MURRAY — Events and activities have been few and far between in Murray since the COVID-19 pandemic struck in late March.
However, there is going to be one on Saturday morning, one that is under the umbrella of one of the top fundraising machines in the Murray-Calloway County community the past several years. It is the Santa Cause 5K Toy Trot, a product of the powerful Towing for Toys drive that is guided by Max’s 641 Towing and Service.
it is set to start at 8 a.m. Saturday near the tennis courts of Murray High School on Johnson Boulevard.
“We’re giving it our best shot,” said Max’s 641 owner Monty McCuiston, who said, understandably, the race has been slow to generate registrants. “As of (Monday) morning, we have 30 runners signed up. We’ve been promoting it heavy on running websites and social media, so we’re hoping to get a good last-minute run going here in the next few days.
“We wish things were a little better, but with the circumstances of the virus and everything that’s going on with it, it’s kind of put a damper on things, and that goes for everything. It’s not just our charity events in the community, but everything in general.”
For Towing for Toys, Saturday’s event marks the debut of just its latest addition to a family of special events that have developed in the past few years, designed to bolster the Christmas toy drive’s financial condition. For the past three years, it has hosted both the Toypalooza concert and the Towing for Toys Truck Pull, both of which appear to have gained momentum with each passing year.
All told, last year’s collection alone resulted in more than $35,000 raised and about 7,500 items donated, both records.
“We’re going to need a little extra momentum this year with the way the economy is with the virus and stuff,” McCuiston said. “We’ve got a lot of families out of work so there’s going to be much more of a need this year. Hopefully, we can count on people to help us out.
“This is our first year to try the 5K. We had a lot of interest the last year or two with people suggesting for us to do a 5K or a half-marathon of some sort. So we thought, ‘Hey! We’re always looking to do different things to keep things moving, why not?’ Unfortunately, with the way the pandemic has hit, it’s not been what we hoped.”
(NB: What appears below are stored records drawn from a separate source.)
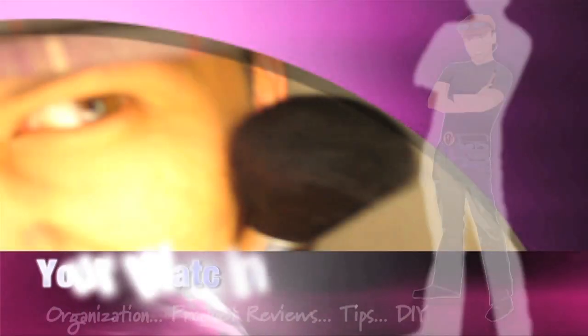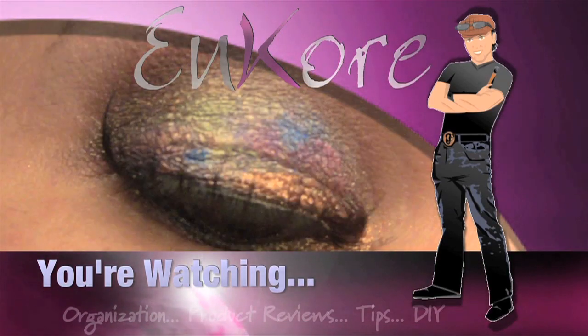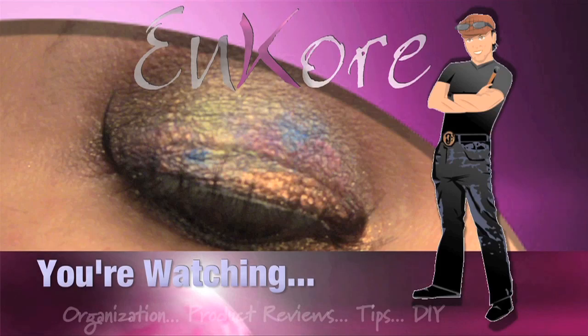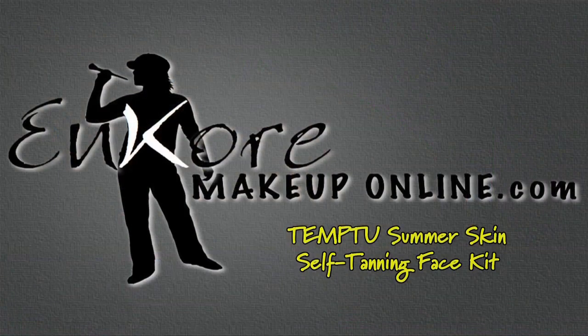Hey everyone, welcome to Encore and today we're going to talk about the new summer skin tanning system from Temptu. Hey everyone, it's Corrin and you're watching Encore Makeup. Welcome back. So summer is here and everybody's getting into that bronze tanned look. Remember, tan and orange are two different things. You don't want to look orange this summer, you want to look tanned.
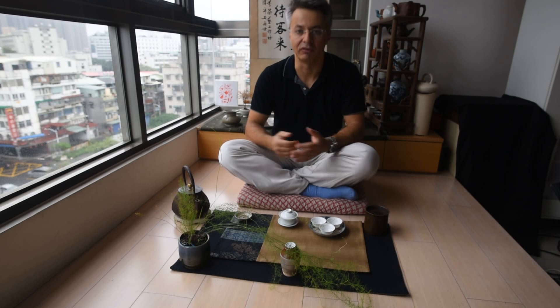Hello tea friends around the world. Welcome to my Chashi. It's an autumn rainy day and I feel like tea. Now let me show you how I'm doing.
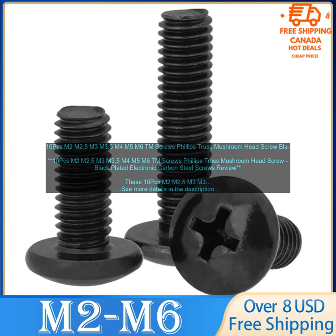Available in a variety of sizes: These screws are available in a variety of sizes, so you can find the perfect size for your needs. Overall, these M2 M2.5 M3 M3.5 M4 M5 M6 TM screws Phillips Truss Mushroom Head Screw Black Plated Electronic Carbon Steel screws are a great option for a variety of projects.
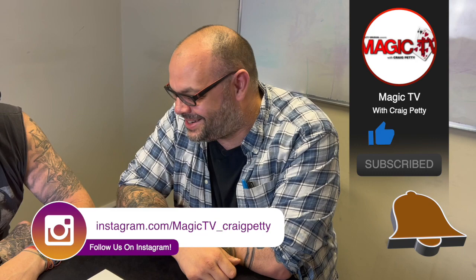Do me a favor — let me know what you think in the comments down below. You want to see more videos like this? Like the video, subscribe to the channel. I'll be back again tomorrow at six o'clock with another Magic Live. I'll see you then.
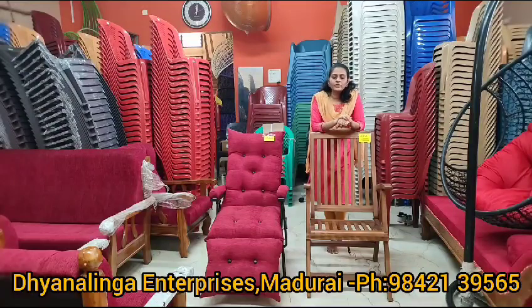Hello friends! In this video, we will see a relaxed chair — a come office chair. You can use it for personal purpose and commercial purpose.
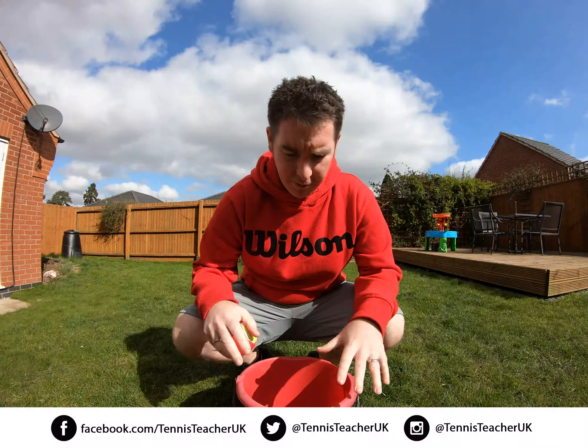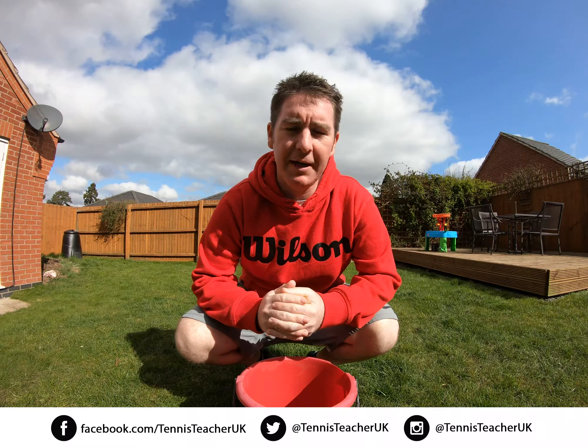Hi everyone, it's a nice simple one today. I've got my bucket, I've got my tennis ball, and I'm going to move about five or six feet away and see if I can do an underarm throw to land the ball directly into the bucket.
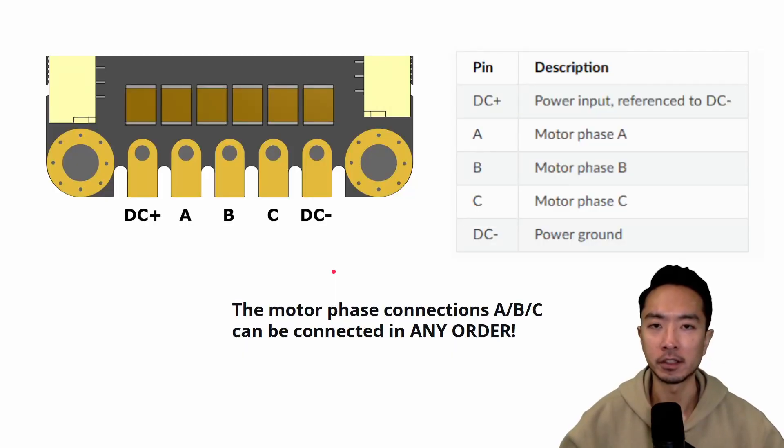Now let's take a look at the electrical connections and pinouts for the O-Drive Micro board. On the outer ends we have the DC plus and minus, and in the middle we have the ABC phase for your motor. One thing to note is that the motor phase connections can be connected in any order, so it's okay if you mix up the order.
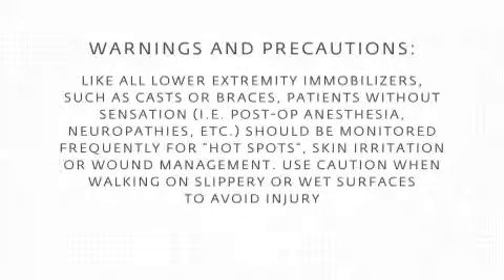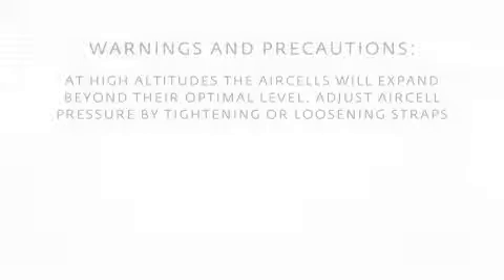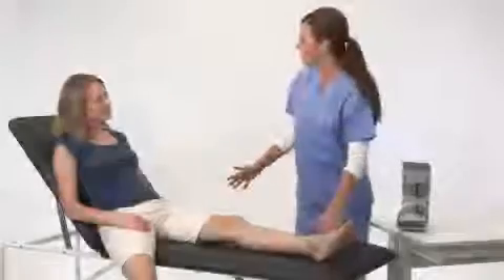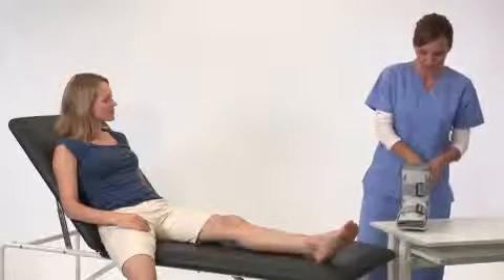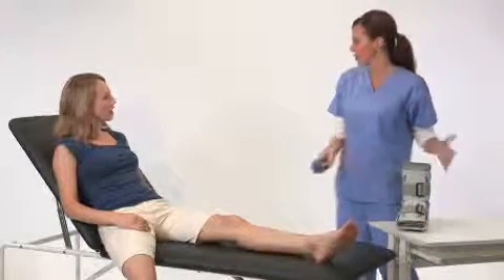Let's get started. Your SP walking brace includes an inflation tube. You may want to wear a cotton or cast sock for enhanced comfort.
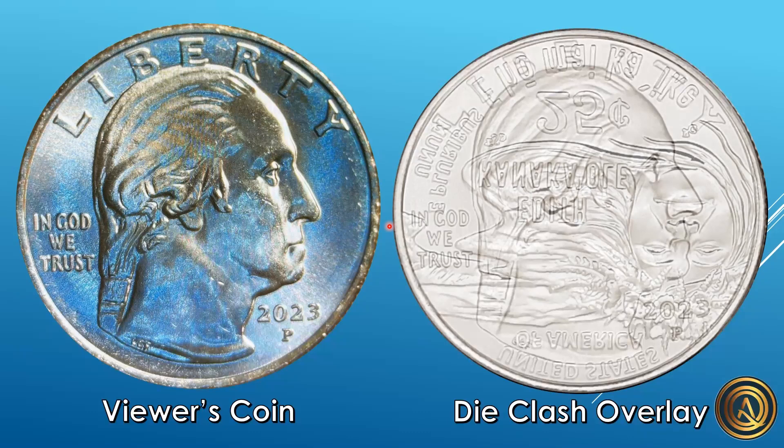When I'm looking at this, the clashing in this area is really all I'm seeing on the obverse. Now we're going to take a look at the reverse of the coin.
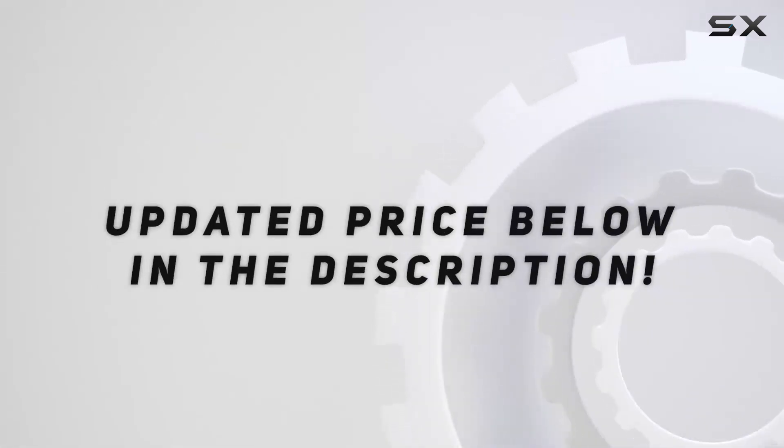Check out the video description for an updated price, and thank you for watching this video.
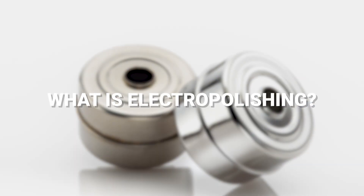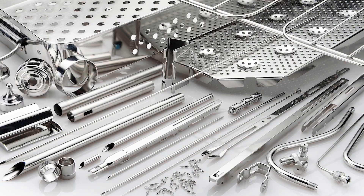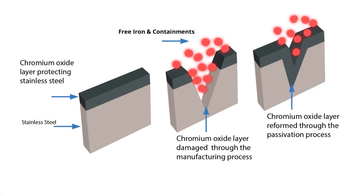What is electropolishing? Electropolishing is an electrochemical process that removes a thin layer of material from the surface of a metal part, resulting in a smooth, shiny finish. Unlike surface coatings, electropolishing alters the surface characteristics of the base material itself rather than adding a protective layer.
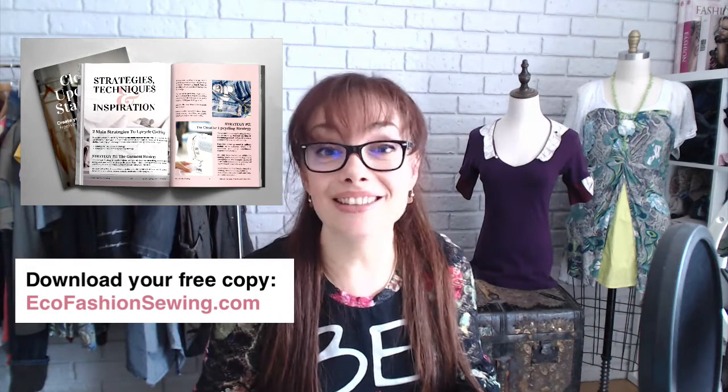If you'd like to tackle these old clothes like Dolores and Tanya, head over to the website ecofashionsewing.com and download the Clothes Cycling starter kit that I've got for you — I share different techniques, examples and lots more. You can also listen to episode 4, which is about the 7 questions before making the first cut. And if you struggle with motivation in starting out, head over to episode 5 where I give you some tips on how to beat procrastination.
Still, there is time. McCuiston stressed that the regular registration fee of $44 begins increasing after 11:59 p.m. Thursday. The financial goal of the race is $1,000 and it was only about a quarter of the way to that Monday afternoon. All race information is available at runsignup.com.
This race is being divided into two styles. There is the conventional version, where runners can run the same course together. There is also a virtual version in which participants can run their own 5K course and record their times away from the rest of the runners.
McCuiston said social distancing will be of utmost importance.
“We will be enforcing social distancing the morning of the race. Now, once it gets started, we don’t anticipate everybody running on top of each other anyway, but, before the race and after the race, we will be trying to do our best to enforce mask wearing. We will encourage this at the registration table and near the starting line,” he said. “Now, with the virtual race, you’re on your own and on your own time, so you submit your times to the website.
“I’m not 100% sure how the virtual race works, but from what I do know from Jeff Sparks, our guy with Mid South Race Timing which is spearheading this for us, you need to run on an actual road or something (not a treadmill). Everything with the virtual race is the same as the main race. There will still be T-shirts, you’ll receive a medal for participating and you’ll still be able to get awards. We’re hoping to encourage that a bit. Of the 30 we have registered right now, eight have signed up to do it virtually.”